Armageddon, Anyone?
June 3, 2016
“You, reader, I, writer,” said Mrs. Gaskell, “have each our great sorrow bearing down upon us.”* A telling and poetic sentiment. True, there’s a certain aura of First World comfort about it—the sorrow is singular, and it hasn’t arrived yet, unlike the multiple present agonies of so many around the globe—but it’s a good reminder that none of us is ultimately secure.
Reading Mrs. Gaskell the other day (more evidence of First Worldism: having the leisure to enjoy a 19th-century novelist), I wondered how her insight would apply to the specter of Donald Trump—because in the United States right now, it seems everything has to be measured in DTs.
Is it the lost sense of security that drives so many white working-class Americans toward The Donald’s blustering fraudulence? That’s what the standard analysis suggests.

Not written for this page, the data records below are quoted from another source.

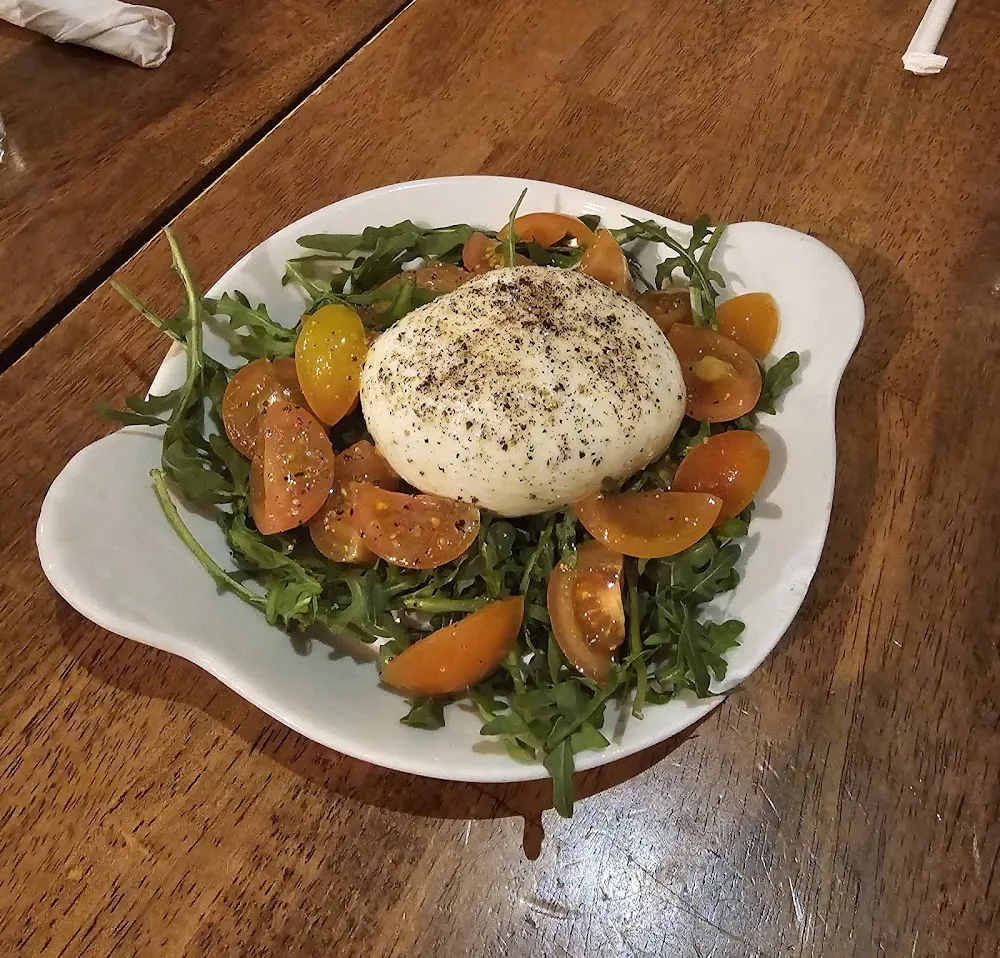 Burrata with Arugula and Tomatoes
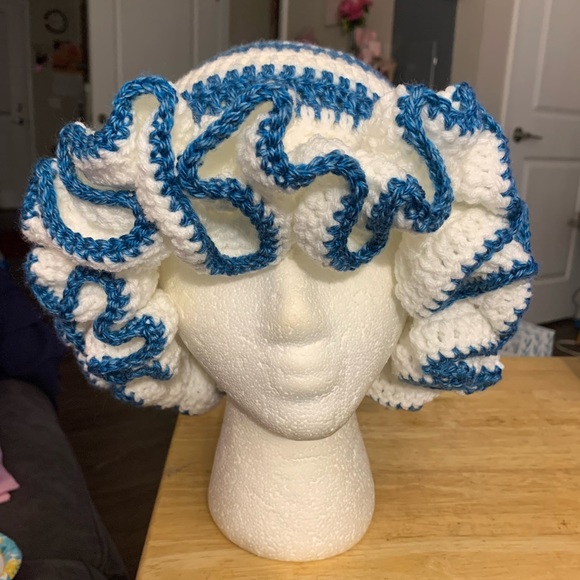 Crochet ruffled hats - Picture 9 of 15
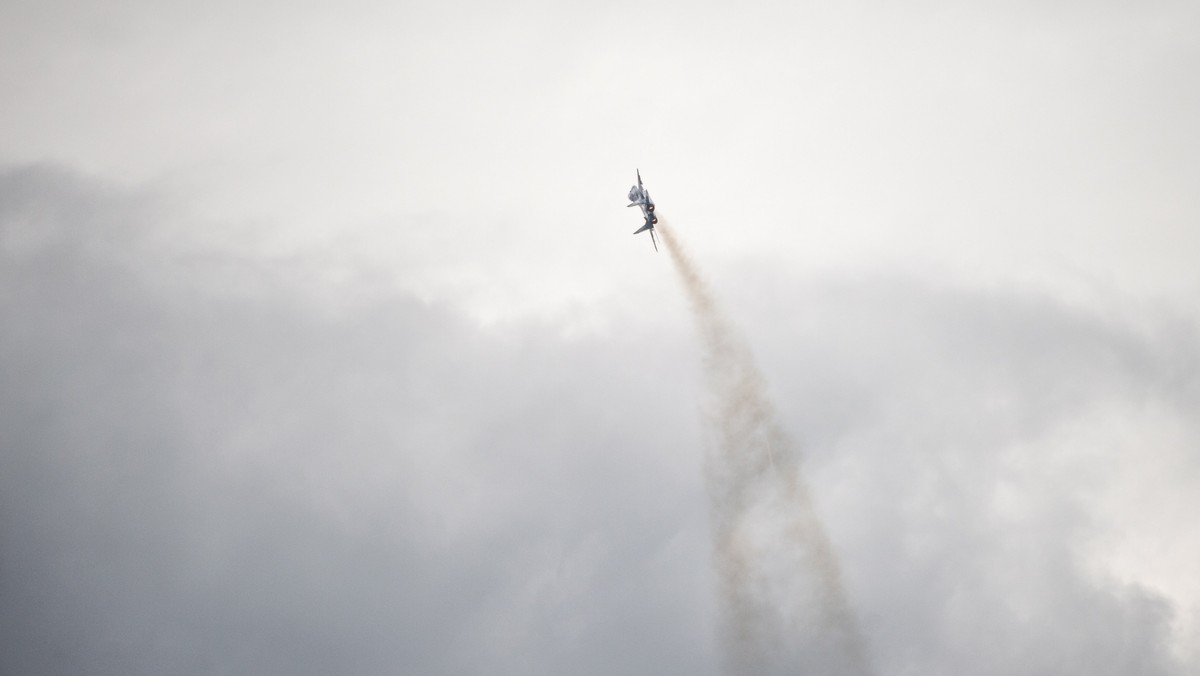 Bułgarski minister obrony Nikołaj Nenczew podał dzisiaj cenę zaproponowaną przez Polskę za remont silników bułgarskich myśliwców MiG-29. Jest to według niego 600 tys. euro za silnik, podczas gdy rosyjska cena wynosi 1,05 mln euro.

Or, I wonder, is it just that so many don’t give a shit anymore? They don’t care if he tosses insults like a fifth grader, offends allies or even starts a new war. It’s time for revenge on the elites, folks—meaning those people who’ve been running things while the rest of us watch sit-coms and football. The elites deserve whatever mockery the Donald can dish out, the more vulgar the better.
And if this means a great sorrow is bearing down on us all, so what? We’ll go down in a blaze of glory—that is, a flaming spew of intolerance, ignorance and spite. It’ll be fun! Like Armageddon. Like The Hunger Games. Time to die, everyone!
Is it possible to have a national death wish?
I think it is.
*The quote is from Elizabeth Cleghorn Gaskell, A Dark Night’s Work (1863), Chap. 4.